The aim of the process was “to help the delivery of our strategic objectives and enhance overall performance”, he said.
The new chief, who came on board at the end of March, reflected: “While the industry is renowned for the speed of change, Etisalat is also under going positive change.”
His comments came as the company reported a 2 per cent growth in second-quarter revenue to AED13.3 billion ($3.6 billion). This was mainly attributed to domestic operations and the performance of Maroc Telecom, and was impacted unfavourably by foreign exchange fluctuations, mainly in Egypt and Pakistan, as well as some fierce competition in certain markets.
In the UAE, revenue increased year on year by 3 per cent to AED7.7 billion. The performance was the result of a growing subscriber base, coupled with the launch of new services and bundles to both consumers and enterprises.

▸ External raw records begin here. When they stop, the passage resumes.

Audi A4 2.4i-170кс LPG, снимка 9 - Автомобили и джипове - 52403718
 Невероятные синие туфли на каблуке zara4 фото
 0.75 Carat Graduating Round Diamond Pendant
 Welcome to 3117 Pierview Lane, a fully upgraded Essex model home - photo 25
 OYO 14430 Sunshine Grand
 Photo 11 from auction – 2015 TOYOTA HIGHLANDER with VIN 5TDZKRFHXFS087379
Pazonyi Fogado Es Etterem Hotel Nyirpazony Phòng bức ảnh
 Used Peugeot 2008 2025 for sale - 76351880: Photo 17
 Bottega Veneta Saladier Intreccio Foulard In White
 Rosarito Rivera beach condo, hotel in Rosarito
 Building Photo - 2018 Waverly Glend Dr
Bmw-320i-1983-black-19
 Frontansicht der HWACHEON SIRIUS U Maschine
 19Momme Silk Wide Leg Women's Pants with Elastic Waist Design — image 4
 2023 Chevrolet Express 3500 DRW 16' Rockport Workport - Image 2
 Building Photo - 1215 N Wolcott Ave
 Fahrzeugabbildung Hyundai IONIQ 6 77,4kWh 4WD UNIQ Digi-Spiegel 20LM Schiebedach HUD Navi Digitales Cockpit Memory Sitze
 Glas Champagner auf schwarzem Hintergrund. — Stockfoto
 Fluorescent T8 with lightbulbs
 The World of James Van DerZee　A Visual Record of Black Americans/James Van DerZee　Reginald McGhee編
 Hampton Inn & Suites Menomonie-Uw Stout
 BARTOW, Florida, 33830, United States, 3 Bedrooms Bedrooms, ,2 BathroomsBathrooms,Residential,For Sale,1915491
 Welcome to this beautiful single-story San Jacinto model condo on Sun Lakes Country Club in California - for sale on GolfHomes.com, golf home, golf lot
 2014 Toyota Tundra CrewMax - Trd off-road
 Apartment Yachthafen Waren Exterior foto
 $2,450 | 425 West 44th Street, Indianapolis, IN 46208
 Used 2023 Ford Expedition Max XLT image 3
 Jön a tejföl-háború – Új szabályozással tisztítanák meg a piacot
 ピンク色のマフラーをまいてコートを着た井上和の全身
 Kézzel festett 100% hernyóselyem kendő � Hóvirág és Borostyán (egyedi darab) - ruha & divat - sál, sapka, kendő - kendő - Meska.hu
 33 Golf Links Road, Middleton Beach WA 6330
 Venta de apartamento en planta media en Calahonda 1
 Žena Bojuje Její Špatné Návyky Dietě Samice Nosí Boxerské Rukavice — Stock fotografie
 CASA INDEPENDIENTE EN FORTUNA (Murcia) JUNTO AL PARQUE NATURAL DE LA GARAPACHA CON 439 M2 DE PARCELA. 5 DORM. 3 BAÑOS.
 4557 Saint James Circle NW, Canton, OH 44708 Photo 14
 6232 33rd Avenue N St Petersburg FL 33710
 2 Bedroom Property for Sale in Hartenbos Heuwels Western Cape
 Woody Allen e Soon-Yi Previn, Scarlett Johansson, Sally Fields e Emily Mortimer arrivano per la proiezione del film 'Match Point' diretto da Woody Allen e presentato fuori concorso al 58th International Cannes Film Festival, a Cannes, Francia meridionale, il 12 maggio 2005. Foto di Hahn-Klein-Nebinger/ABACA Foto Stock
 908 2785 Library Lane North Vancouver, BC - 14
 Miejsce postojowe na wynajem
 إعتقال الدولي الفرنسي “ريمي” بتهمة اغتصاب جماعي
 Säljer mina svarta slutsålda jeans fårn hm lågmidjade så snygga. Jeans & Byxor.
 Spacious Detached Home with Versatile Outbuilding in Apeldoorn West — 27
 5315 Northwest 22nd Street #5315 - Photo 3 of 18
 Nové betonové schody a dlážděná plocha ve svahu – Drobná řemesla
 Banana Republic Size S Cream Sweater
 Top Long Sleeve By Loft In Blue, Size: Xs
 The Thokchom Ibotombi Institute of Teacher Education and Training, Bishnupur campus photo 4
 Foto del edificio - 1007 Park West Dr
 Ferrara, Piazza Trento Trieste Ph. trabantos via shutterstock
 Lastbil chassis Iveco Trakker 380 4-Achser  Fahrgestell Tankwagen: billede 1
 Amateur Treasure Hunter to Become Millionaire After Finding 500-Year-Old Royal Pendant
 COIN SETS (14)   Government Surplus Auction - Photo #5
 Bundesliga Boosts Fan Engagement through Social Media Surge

The performance of Etisalat’s international consolidated business disappointed with a 1 per cent fall in revenue to AED 5.5 billion.
Consolidated net profit after Federal Royalty payment increased year on year by 51 per cent to AED2.3 billion. The increase in profit was the result of lower finance costs, a foreign exchange gain during the period against a loss in the year ago quarter, as well as a lower Federal Royalty payment and a lower share of results from associates and discontinued operations.
The gain was partly offset by an increase in depreciation charges and taxation.